I will make a book for us in due course. It’s interesting that amongst the pictures of ‘impressive scenery’ are notes of the everyday that feature to this day - a favourite is my very old Audi in a Namibian petrol station.
I’m only doing limited shooting at the moment due to it being winter and 54 north meaning that the interaction of day length and work are not that conducive… however, that is letting me focus on the slides
back to the original question, I agree that I have less interest in the single image and, also, the impressive impressive image. I’m much more interested in the everyday and pictures that being questions or thoughts to mind. Then there are always my family who are a theme in and of themselves, even when they cross with other ideas.
sorry, long reply
here’s a family X other theme picture from the other week
Family pictures, daily stories are oft very important. Sometimes the most imprtant we have. Among my projects I always take (and print) this kind of photos.
robert blu
quiet photographer
Projects for me too. Some are simple and are easier for others to like (street photography), some are closer to conceptual art and are not as easy to like. However, right now the latter is what works better to keep me occupied. I currently have a few projects that are finished that I have to really edit and then make book dummies for. One I just finished making a zine style book that I am selling locally here in Chile. Since Covid, I have five new projects that I am working on simultaneously. Only one is street photography and that is the one I am working on the least. I certainly use the Friedlander approach though with digital folders instead of boxes of prints.
Five new projects!
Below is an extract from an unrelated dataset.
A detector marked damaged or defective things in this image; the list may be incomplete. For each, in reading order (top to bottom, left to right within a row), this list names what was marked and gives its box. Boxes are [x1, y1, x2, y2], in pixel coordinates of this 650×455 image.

You must be very busy! Are you satisfied with the sales of your zine? Are you selling through physical stores?
Five new projects! You must be very busy! Are you satisfied with the sales of your zine? Are you selling through physical stores?
I photograph every single day, but some better than others. I think you do too.
robert blu
quiet photographer
I photograph every single day, but some better than others. I think you do too.As far as the zine, I printed 50 and sold about 30 online and with minimal advertising. Of course that it is not much, but it could be worse. The store is my favorite book store in Chile and I was just happy to get in there. I am not sure how it has sold there yet.
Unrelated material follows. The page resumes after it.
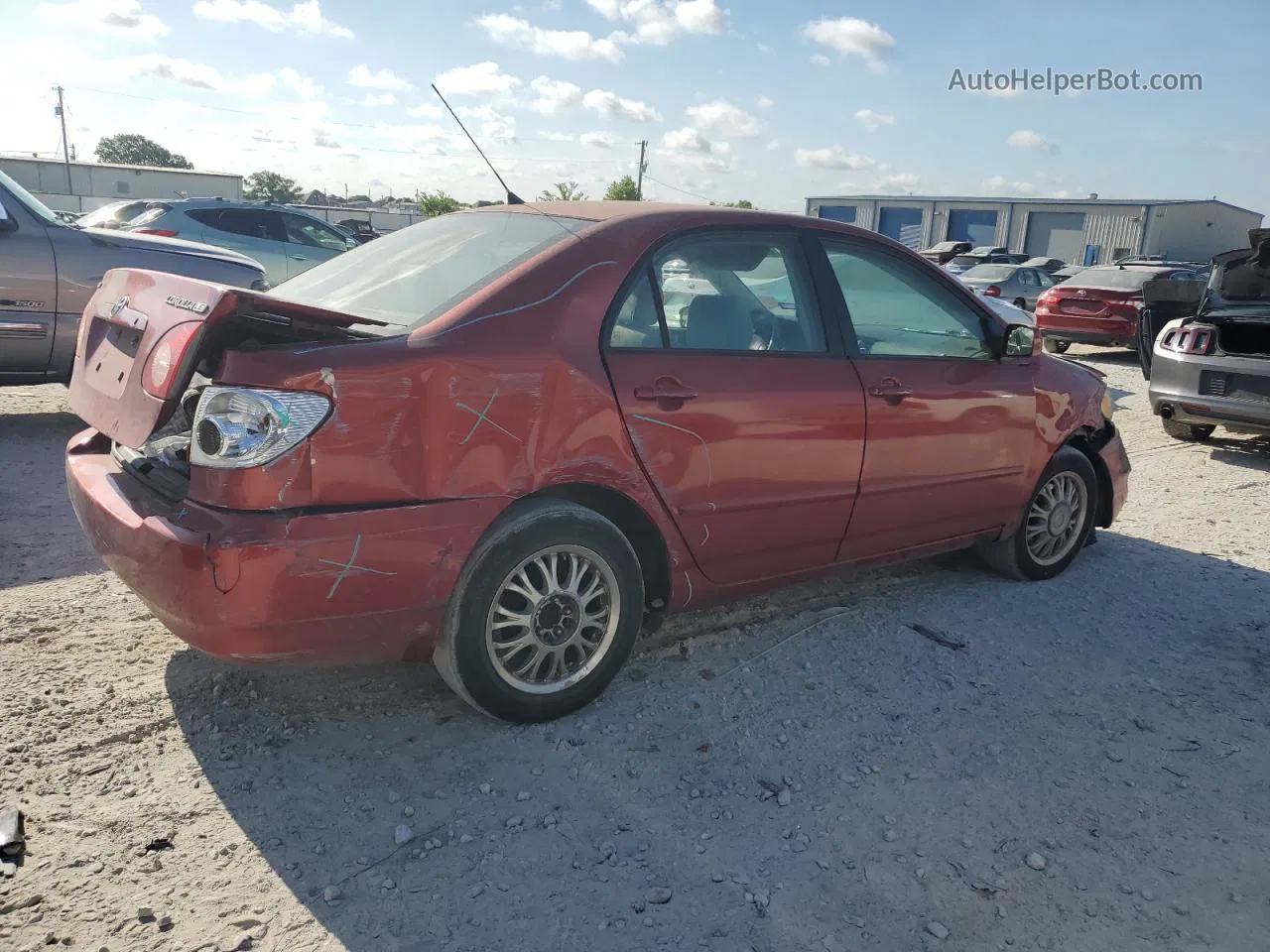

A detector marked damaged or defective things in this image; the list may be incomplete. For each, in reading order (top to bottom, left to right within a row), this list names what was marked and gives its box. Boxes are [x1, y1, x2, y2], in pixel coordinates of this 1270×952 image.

it seems to me that you have been successful ! Now I'm curious! PM sent you!
And yes, I photograph every day!
Evergreen States
Francine Pierre Saget (they/them)
“Every Picture Tells a Story, Don’t It?”
A single photo that distills the essence of a thought or concept down to its purest embodiment, or a series of photos that portray something, perhaps the same thing, gradually, piece by piece.
Both approaches have, what would seem to me, equal value. If I wanted to be a “better photographer”, it seems that it’s incumbent on me try to master both, as there is nothing inherently impossible about that, or even particularly difficult. Walk and chew gum. Don’t limit yourself, it won’t make you “better”. Don’t be satisfied with solving half the puzzle.
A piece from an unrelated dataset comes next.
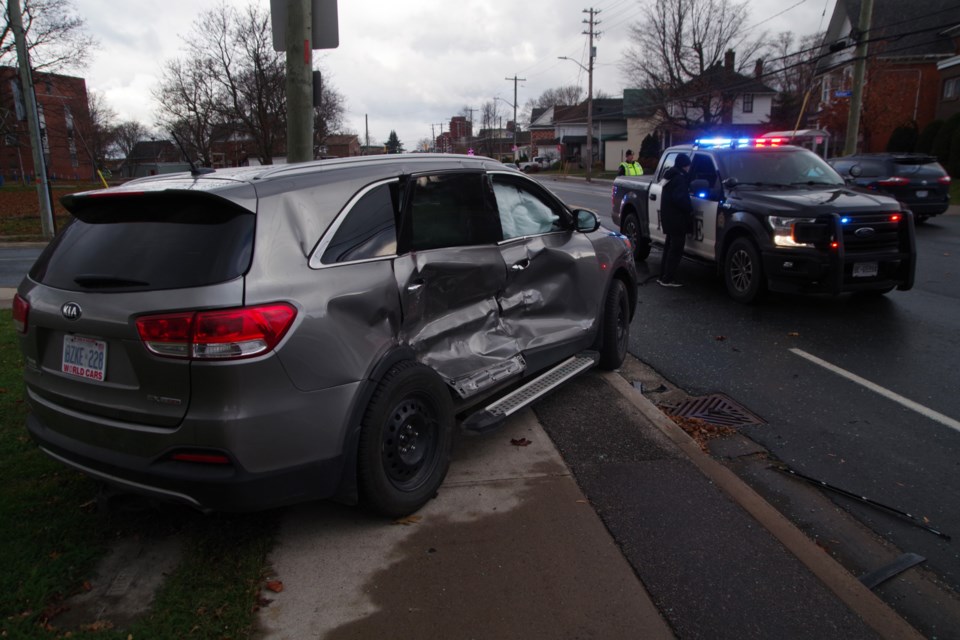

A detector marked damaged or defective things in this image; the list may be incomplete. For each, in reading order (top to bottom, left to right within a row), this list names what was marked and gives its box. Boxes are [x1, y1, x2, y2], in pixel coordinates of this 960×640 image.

Getting your point across with a series is easier than with a single photo, however. As others have noted, if your single photo needs a caption, (as mine often do) it’s probably not good enough. Alternately, if in your series you can be accused of saying, “here’s another one of”, a la dad’s slideshows in years gone by, then it needs a cull.
Film and digital, do both. Color and Black and White, do both. Read a book, go to a movie, do both. It’s a world ripe with possibilities out there, avail yourself, don’t cramp yourself with the misguided notion that you “can’t”.
I think that your photos of the economic decline of small town America, taken with your Z7 and M mount lenses in the early months of COVID, would very likely make a good photobook. I said it when I first joined the forum and my opinion hasn't changed.